A rare film that offered love and mercy and also a beautiful and poetic cinematic experience was Terence Malick’s Knight of Cups – the best film I saw at the festival. Malick has gone completely abstract here, vanquishing a narrative altogether, and making an episodic film about the quest of a Hollywood filmmaker (Christian Bale) who is about to get a movie deal that will make him tremendously rich, but he feels something is missing in his life, emotionally and spiritually. Malick uses the symbols of the Tarot Cards as headlines for each chapter, and loosely bases the film’s structure on John Bunyan’s 1678 religious allegory The Pilgrim’s Progress.
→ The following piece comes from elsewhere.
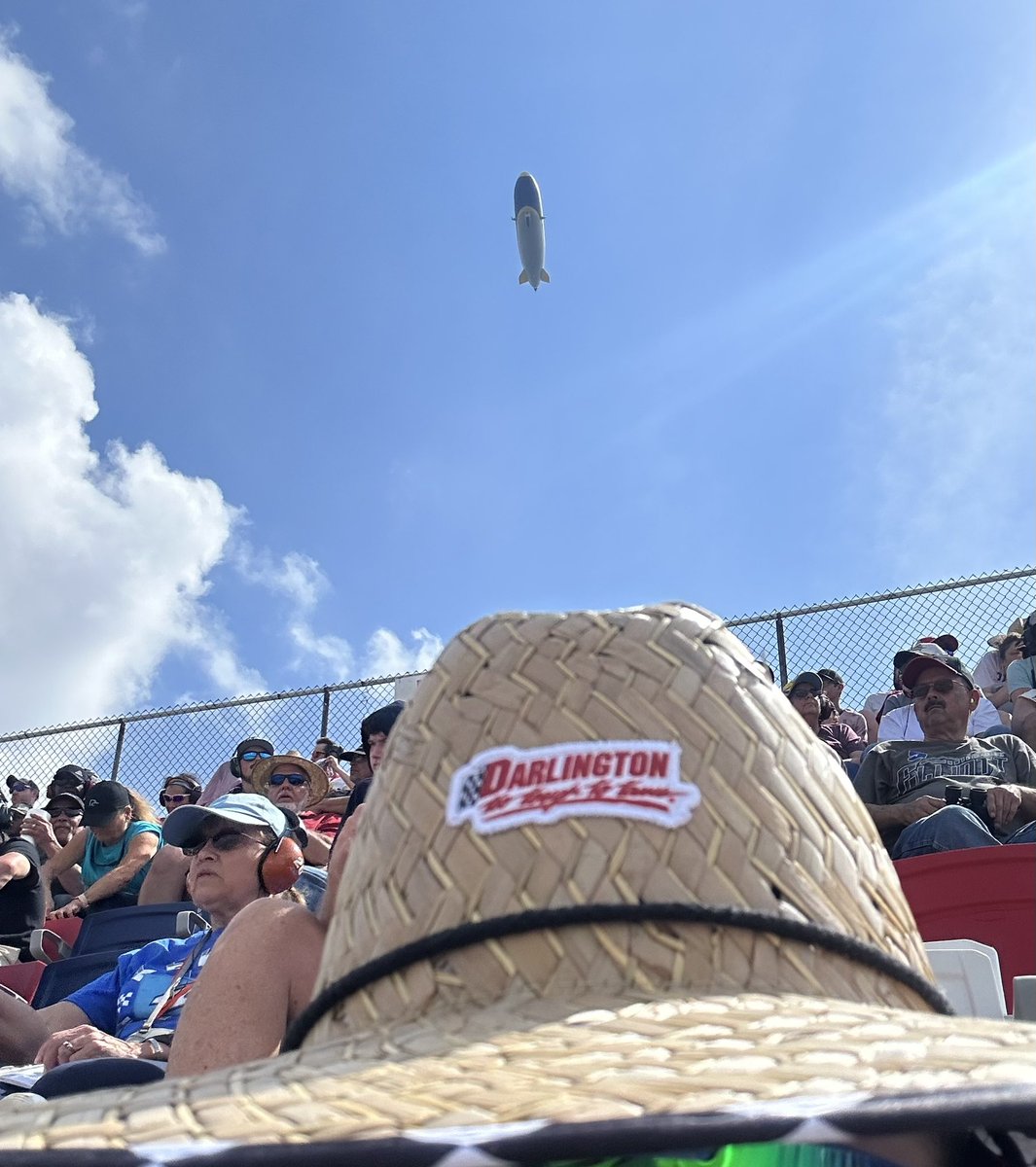 TheCatchFence's tweet photo. I took a selfie with the @GoodyearBlimp https://t.co/fxA80EYLat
The lead character in the book is called Christian, as is the name of lead actor. Pure coincidence?

Indeed, Knight of Cups is an allegory that unfolds like a dream, zipping back and forth through time. It’s a deeply spiritual film that transcends its messages through the breathtakingly beautiful cinematography by Emmanuel Lubezki.

Side note: Between My Mother (Mia madre) and Knight of Cups, the JFF was filled with the music of Arvo Part.

One of the stand-out surprises in the festival was the American independent film, Songs My Brothers Taught Me, directed by Chloe Zhao – or “Malick Junior”, as I lovingly titled her debut film. At presence are the dream like quality of Malick’s earlier films, as well as the constant use of golden-hour photography and voice over. The film explores the life on a Native-American reservation in North Dakota, where the young either dream to leave or find themselves in prison, while one girl, our protagonist, finds an interest in her ancestral culture. Our FIPRESCI jury awarded this film with the prize for best first feature.

The stand-out Israeli film was Tikkun by Avishai Sivan, which walked away with most of the festival’s major awards (and is next to be competing for the Golden Leopard at the Locarno International Film Festival). Shot in gorgeous black and white by Shai Goldman (who also shot The Band’s Visit and The Kindergarten Teacher), Sivan’s film returns to the themes the director dealt with in his first feature, The Wanderer. Once again, Tikkun is a film that deals with faith, religion and the temptation of the flesh. Haim-Aaron is a young Hassidic Yeshiva “Bucher” (boy) who is almost killed after experiencing his first erection and falling head first in the bathtub. His father resuscitates him, but it’s a different Haim-Aaron that returns to life, one that is less interested in his Bible studies and more interested in exploring sin. Is it Tikkun (rectification) or perhaps a Dybbuk (possession by a spirit)? Tikkun, with its deliberate pace and amazing depiction of Hassidic life, as if it were an Ingmar Bergman film, is a true masterpiece.